=== Work to be completed ===
Output exactly, and only, the lines below from the one with "DarleenHot naked stripping" down to the one with "Muestra Corset Cielo medio día talla 6-8". Include both end lines and no pictures.

=== Recorded data ===
------------------------------------

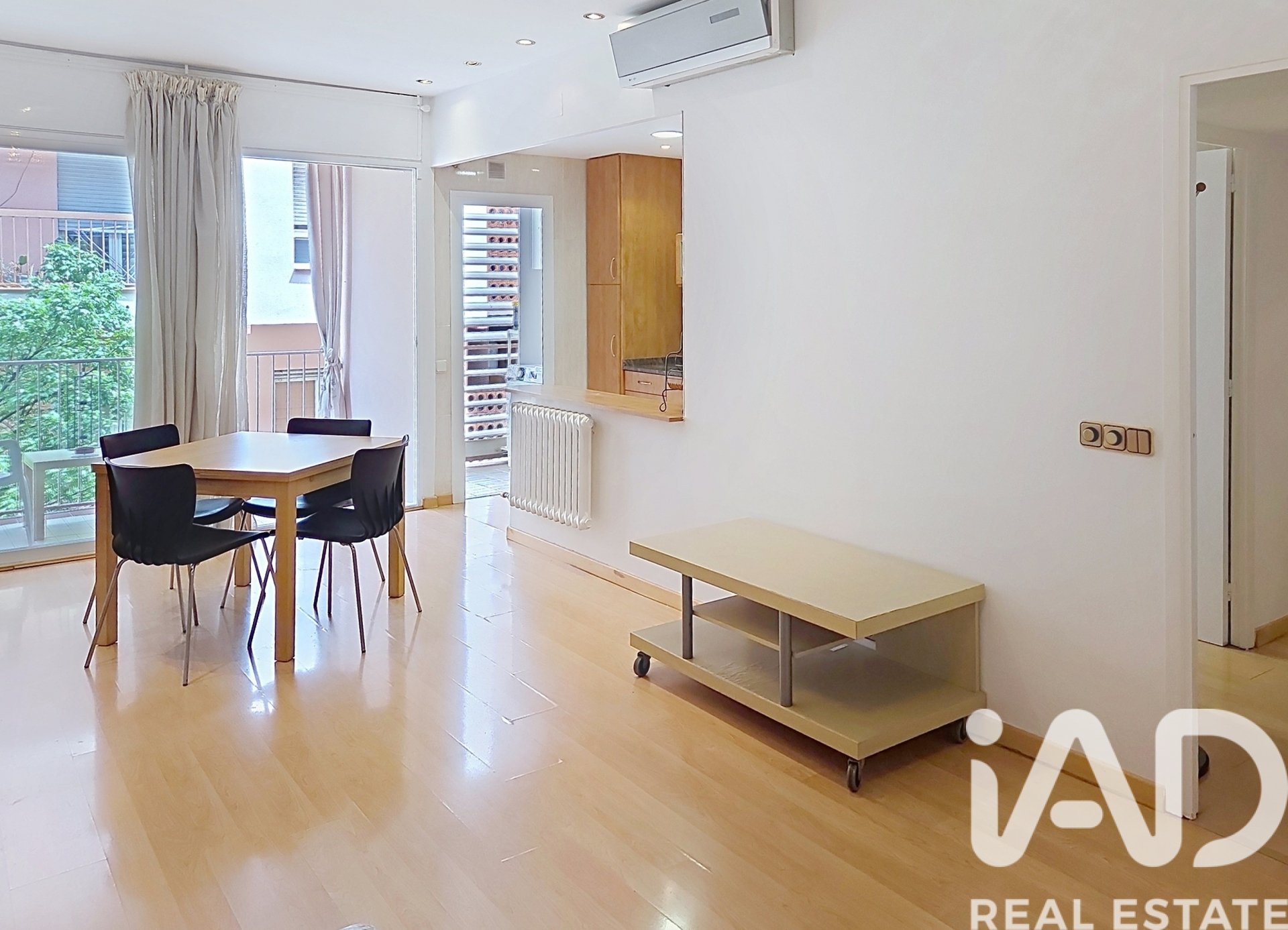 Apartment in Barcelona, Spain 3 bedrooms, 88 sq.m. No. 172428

------------------------------------

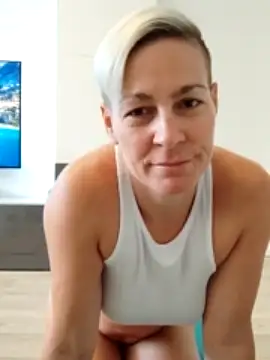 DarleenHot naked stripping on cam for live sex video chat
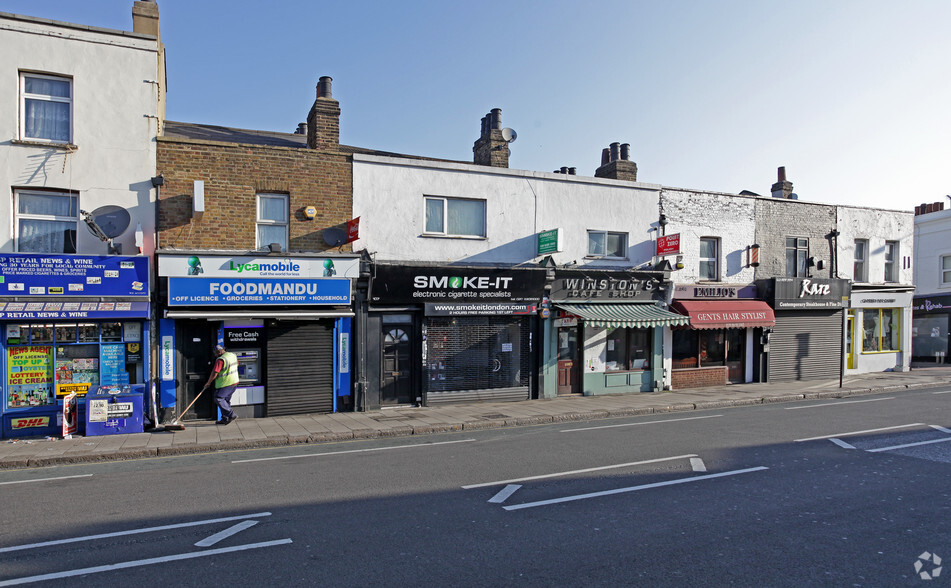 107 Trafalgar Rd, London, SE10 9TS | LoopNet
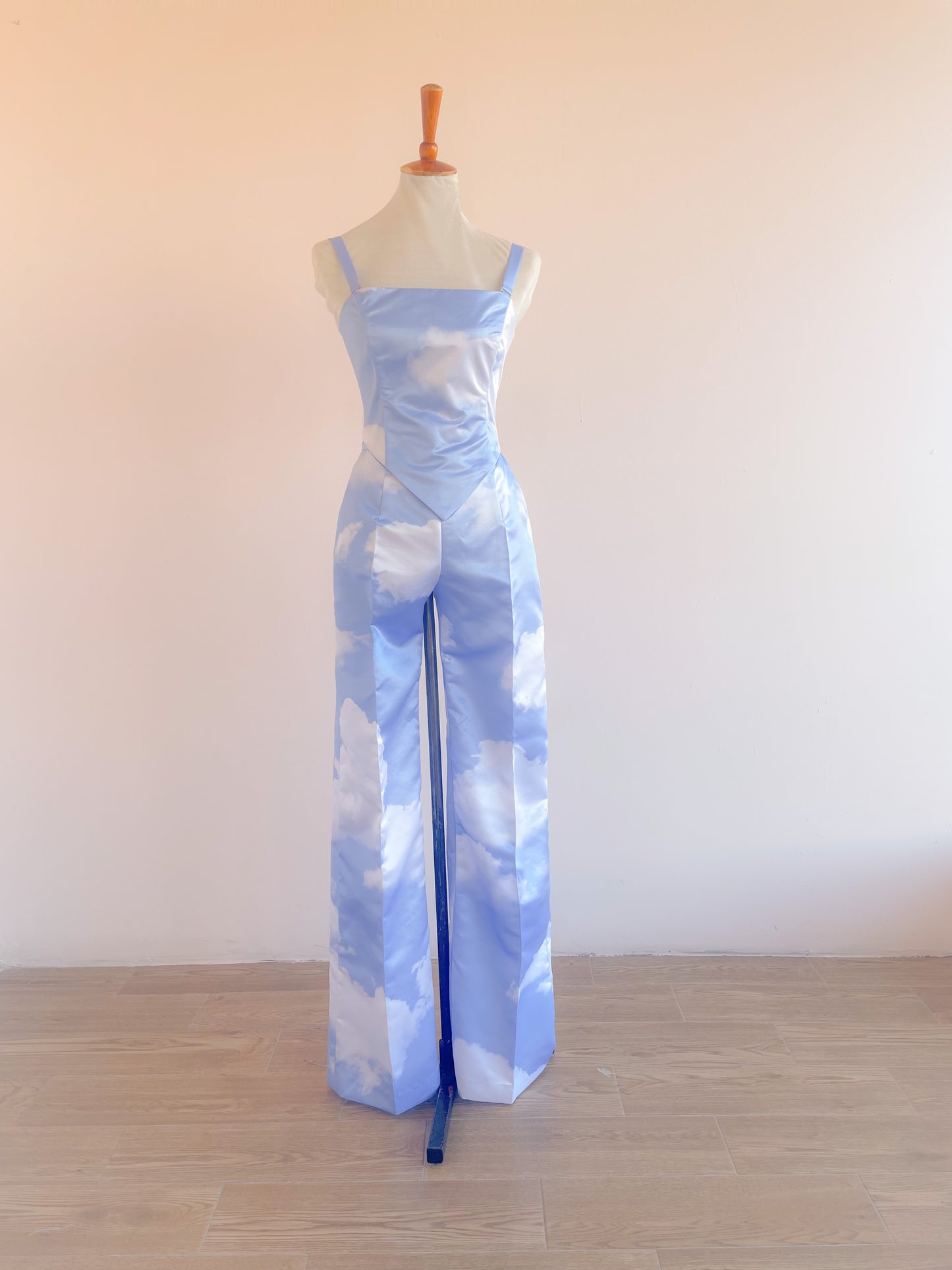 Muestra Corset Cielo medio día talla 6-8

------------------------------------

=== Solution for this problem ===
 DarleenHot naked stripping on cam for live sex video chat
 107 Trafalgar Rd, London, SE10 9TS | LoopNet
 Muestra Corset Cielo medio día talla 6-8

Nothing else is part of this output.